IN028-02
Automatic Generation of Water Masks of the Mekong Delta, Vietnam Using a Fully Convolutional Network Trained Using Synthetic Aperture Radar Images.
Abstract:
First, Sentinel-1 data was radiometrically terrain corrected (RTC) using ASF’s Hybrid Pluggable Processing Pipeline (HyP3). Next, training datasets were created using a statistical algorithm. Training datasets were refined by comparing the statistical results and those from the FCN created by ASF in 2019, manually choosing the best fitting water mask. QGIS was used to assist in identifying areas of water. Over 30 GB of datasets were created. All operations were performed using Amazon Web Services (AWS).

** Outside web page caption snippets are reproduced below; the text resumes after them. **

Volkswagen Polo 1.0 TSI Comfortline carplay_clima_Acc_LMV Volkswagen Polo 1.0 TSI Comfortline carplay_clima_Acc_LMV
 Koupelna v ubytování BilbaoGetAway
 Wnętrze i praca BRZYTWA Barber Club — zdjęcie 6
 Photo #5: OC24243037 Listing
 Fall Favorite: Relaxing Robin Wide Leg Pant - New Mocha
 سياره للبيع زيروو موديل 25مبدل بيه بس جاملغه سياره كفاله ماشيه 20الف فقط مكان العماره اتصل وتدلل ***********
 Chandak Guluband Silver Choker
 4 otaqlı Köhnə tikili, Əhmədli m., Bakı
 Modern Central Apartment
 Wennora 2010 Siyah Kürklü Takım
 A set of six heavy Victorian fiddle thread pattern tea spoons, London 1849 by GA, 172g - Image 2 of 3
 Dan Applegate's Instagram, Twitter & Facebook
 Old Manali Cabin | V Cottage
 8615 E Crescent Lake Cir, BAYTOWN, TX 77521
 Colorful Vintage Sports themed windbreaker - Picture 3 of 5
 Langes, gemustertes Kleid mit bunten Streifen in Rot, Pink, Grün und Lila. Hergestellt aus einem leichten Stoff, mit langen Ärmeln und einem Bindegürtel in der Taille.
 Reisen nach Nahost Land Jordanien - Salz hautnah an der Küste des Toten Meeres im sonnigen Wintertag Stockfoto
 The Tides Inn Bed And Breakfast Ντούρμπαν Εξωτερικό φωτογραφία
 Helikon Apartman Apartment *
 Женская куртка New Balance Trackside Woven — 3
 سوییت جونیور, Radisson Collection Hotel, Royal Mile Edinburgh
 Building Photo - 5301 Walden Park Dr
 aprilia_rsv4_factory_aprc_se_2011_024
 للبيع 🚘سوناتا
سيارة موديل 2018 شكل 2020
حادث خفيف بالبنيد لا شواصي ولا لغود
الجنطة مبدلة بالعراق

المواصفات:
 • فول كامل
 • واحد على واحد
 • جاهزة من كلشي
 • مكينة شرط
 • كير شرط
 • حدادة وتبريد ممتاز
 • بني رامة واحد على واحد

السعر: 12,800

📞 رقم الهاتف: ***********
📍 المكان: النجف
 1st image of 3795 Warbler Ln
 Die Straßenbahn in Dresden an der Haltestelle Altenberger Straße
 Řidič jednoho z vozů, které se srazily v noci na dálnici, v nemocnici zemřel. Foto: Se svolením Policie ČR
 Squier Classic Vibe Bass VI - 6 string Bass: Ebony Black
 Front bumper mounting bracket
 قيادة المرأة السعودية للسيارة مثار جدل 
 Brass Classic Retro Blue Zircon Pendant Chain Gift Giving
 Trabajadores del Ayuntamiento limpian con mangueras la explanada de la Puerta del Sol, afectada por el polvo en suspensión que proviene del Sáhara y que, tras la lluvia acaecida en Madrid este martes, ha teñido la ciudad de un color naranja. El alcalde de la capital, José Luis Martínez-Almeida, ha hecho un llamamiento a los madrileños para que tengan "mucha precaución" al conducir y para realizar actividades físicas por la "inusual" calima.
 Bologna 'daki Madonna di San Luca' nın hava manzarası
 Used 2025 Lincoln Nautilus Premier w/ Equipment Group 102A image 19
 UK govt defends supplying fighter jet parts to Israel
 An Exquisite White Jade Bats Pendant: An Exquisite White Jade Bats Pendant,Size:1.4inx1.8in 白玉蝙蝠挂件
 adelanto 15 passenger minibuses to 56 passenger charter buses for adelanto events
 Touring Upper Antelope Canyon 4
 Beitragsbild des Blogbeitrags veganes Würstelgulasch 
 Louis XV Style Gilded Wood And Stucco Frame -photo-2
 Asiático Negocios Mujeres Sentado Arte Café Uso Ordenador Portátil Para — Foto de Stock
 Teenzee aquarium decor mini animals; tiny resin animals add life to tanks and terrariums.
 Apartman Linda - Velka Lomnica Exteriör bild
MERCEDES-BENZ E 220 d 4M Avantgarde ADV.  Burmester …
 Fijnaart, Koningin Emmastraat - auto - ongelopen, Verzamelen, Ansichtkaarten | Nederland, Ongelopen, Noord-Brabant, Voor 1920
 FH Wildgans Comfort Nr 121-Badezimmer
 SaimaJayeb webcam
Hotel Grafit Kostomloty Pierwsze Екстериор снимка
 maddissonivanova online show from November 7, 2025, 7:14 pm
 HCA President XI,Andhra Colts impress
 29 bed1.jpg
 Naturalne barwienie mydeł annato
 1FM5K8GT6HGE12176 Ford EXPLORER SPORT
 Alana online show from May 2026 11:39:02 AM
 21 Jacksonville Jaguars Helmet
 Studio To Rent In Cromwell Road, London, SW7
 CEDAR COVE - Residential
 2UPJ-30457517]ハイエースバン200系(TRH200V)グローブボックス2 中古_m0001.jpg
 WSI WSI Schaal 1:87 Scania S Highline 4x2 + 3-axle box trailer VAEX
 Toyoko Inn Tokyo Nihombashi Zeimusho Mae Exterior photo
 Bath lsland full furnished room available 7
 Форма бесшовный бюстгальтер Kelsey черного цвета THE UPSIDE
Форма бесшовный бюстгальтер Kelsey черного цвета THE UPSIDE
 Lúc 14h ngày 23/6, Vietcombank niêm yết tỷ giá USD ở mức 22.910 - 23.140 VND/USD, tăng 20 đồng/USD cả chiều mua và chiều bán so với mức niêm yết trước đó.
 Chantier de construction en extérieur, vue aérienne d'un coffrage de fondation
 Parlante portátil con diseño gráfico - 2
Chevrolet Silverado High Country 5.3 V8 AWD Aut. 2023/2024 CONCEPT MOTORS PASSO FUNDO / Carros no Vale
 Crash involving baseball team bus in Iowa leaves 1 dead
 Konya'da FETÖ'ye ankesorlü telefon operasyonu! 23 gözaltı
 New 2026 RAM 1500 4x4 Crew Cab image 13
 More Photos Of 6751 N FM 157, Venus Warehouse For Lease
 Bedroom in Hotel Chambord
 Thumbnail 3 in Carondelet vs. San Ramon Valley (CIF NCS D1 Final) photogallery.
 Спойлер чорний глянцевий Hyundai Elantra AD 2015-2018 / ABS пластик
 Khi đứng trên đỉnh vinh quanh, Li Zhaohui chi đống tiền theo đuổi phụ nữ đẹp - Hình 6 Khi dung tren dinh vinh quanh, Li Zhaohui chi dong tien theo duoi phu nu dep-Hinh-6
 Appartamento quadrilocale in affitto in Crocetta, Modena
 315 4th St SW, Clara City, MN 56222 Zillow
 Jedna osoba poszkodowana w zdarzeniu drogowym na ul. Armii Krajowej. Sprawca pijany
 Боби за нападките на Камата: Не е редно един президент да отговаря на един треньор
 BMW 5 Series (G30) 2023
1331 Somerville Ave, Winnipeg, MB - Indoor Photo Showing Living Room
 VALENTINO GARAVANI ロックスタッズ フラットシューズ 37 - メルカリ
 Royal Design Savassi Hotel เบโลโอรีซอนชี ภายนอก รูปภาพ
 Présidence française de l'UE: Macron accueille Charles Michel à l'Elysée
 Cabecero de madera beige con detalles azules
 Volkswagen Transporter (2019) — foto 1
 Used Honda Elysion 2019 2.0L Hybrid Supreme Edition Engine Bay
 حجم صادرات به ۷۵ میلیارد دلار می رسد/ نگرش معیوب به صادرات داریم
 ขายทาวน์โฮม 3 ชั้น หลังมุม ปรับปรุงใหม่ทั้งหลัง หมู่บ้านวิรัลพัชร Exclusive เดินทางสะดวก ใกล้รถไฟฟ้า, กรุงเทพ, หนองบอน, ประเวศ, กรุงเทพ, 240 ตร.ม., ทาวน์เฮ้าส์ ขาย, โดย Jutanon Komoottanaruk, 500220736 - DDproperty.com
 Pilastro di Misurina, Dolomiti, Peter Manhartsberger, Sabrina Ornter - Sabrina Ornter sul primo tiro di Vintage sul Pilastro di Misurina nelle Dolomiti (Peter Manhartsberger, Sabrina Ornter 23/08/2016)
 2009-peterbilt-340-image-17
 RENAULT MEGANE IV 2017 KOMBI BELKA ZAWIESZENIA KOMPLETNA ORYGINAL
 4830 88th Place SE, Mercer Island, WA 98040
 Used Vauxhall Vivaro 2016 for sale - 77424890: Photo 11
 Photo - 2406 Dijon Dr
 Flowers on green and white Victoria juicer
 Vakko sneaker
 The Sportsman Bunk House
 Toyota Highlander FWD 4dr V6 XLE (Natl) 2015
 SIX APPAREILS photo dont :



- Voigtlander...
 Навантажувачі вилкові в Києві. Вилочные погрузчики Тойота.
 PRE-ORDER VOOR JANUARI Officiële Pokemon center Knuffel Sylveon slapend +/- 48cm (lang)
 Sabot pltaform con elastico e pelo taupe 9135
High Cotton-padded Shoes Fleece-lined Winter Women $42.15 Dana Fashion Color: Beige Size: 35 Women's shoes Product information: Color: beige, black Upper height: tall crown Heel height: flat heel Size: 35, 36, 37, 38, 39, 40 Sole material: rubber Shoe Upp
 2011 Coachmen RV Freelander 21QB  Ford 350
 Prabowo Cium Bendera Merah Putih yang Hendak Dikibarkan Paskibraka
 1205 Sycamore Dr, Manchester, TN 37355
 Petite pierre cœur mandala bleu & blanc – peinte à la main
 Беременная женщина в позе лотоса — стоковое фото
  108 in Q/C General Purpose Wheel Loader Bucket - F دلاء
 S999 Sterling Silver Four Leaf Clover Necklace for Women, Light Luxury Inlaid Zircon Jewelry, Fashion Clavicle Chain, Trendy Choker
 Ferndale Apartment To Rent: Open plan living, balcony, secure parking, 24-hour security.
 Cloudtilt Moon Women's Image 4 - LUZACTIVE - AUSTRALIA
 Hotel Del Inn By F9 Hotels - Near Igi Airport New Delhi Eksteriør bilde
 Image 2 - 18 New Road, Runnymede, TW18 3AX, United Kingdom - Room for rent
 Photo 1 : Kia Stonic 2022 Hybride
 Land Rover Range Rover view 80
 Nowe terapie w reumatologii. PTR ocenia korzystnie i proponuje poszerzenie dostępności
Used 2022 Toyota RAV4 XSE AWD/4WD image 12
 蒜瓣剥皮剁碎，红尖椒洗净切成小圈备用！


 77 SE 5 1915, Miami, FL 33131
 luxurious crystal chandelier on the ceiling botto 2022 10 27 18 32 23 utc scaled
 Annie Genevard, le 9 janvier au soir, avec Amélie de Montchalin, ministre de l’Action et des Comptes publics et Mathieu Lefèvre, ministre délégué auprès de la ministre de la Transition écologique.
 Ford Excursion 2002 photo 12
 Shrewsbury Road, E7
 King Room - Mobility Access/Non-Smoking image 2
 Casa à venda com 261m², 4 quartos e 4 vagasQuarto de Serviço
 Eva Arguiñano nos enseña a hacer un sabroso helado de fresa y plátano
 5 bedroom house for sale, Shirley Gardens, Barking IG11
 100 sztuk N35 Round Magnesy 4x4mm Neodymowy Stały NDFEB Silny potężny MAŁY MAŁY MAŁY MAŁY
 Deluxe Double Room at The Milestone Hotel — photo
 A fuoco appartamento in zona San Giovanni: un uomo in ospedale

It was challenging to create training datasets since the landscape of the Mekong Delta changes drastically throughout the year due to rainfall and flooding. The area is intentionally flooded for agricultural purposes, making it difficult to accurately differentiate between areas of water versus land, such as rice fields. It was found that using data during the dry season helped distinguish these areas more clearly when making datasets.
The preliminary training ran for 100 epochs on a groomed dataset of Mekong Delta granules, with dates ranging from August 2019 to May 2020. The resulting FCN showed an accuracy of 99% upon testing. SAR images that were input through the water mask generation process visually resulted in a mask representative of the water bodies on the Mekong Delta. It was also found that the rice paddies could easily be recognized by the FCN. Overall, these results are encouraging, as the FCN was generally able to distinguish water from land.